Smoke tests could fail due to reasons outside of the Redis deployment; for example network latency causing timeouts or the Cloud Foundry instance dropping requests. They might also fail because they are being run in the wrong space.

The smoke tests implement a retry policy for commands issued to CF, for two reasons: - To avoid smoke test failures due to temporary issues such as the ones mentioned above - To ensure that the service instances and bindings created for testing are cleaned up.

Smoke tests retry failed commands against CF. They use a linear back-off with a baseline of 0.2 seconds, for a maximum of 30 attempts per command. Therefore, assuming that the first attempt is at 0s and fails instantly, subsequent retries are at 0.2s, 0.6s, 1.2s and so on until either the command succeeds or the maximum number of attempts is reached.

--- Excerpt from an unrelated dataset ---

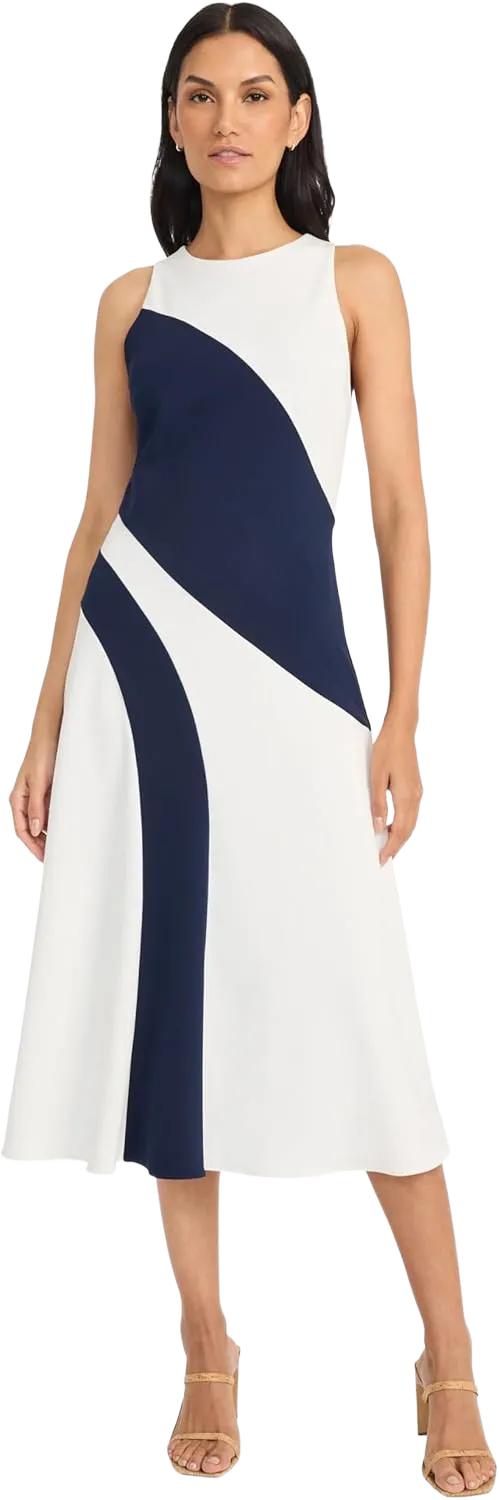 Maggy London Women's Sleeveless High Neck Wave Pattern Midi-Structured Fitted Bodice with A-line Flare-Wedding Guest Dress 14 Ivory/Navy Blazer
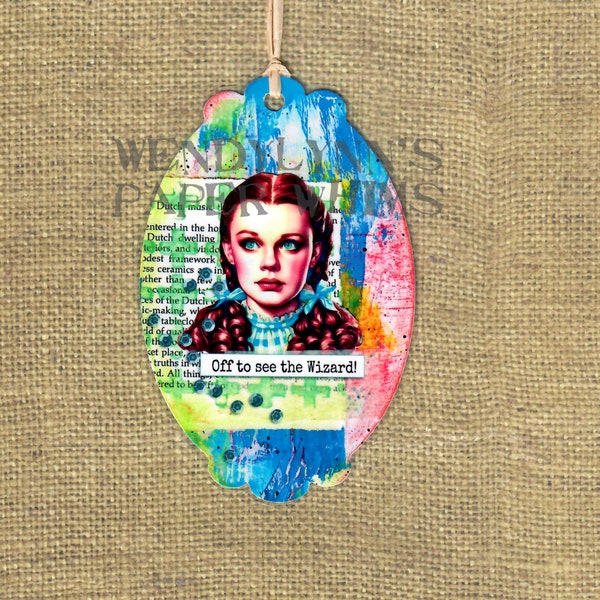 Bookmark, Dorothy from Wizard of Oz, Vintage, Mid Century, Retro, Off to See the Wizard, Land of OZ, Digital Art Print, Small Gift, Tag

The linear back-off was selected as a good middle ground between: - Situations where the system is generally unstable-such as load-balancing issues-where max number of retries are preferred, and - Situations where the system is suffering from a failure that lasts a few seconds-such as restart of a Cloud Foundry VM where it is preferable to wait before reattempting the command.

Considerations

The above retry policy does not guard against a more permanent Cloud Foundry downtime or network connectivity issues. In this case, commands fail after the maximum number of attempts and might leave claimed instances behind. Pivotal recommends disabling automatic smoke test runs and manually releasing any claimed instances in case of upgrades or scheduled downtimes.

Troubleshooting

If errors occur while the smoke tests run, they are summarised at the end of the errand log output. Detailed logs can be found where the failure occurs. Some common failures are listed below.

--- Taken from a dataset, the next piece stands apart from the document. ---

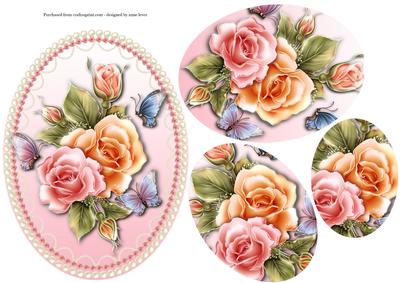 Beautiful Roses in a Pearl Frame Oval Pyramid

Error Failed to target Cloud Foundry
Cause Your PCF is unresponsive.
Solution Examine the detailed error message in the logs and check the PCF Troubleshooting Guide for advice.
Error Failed to bind Redis service instance to test app.
Cause Your deployment’s broker has not been registered with PCF.
Solution Examine the broker-registrar installation step output and troubleshoot any problems.

When encountering an error when running smoke tests, it can be helpful to search the log for other instances of the error summary printed at the end of the tests, for example, Failed to target Cloud Foundry. Lookout for TIP: ... in the logs next to any error output for further troubleshooting hints.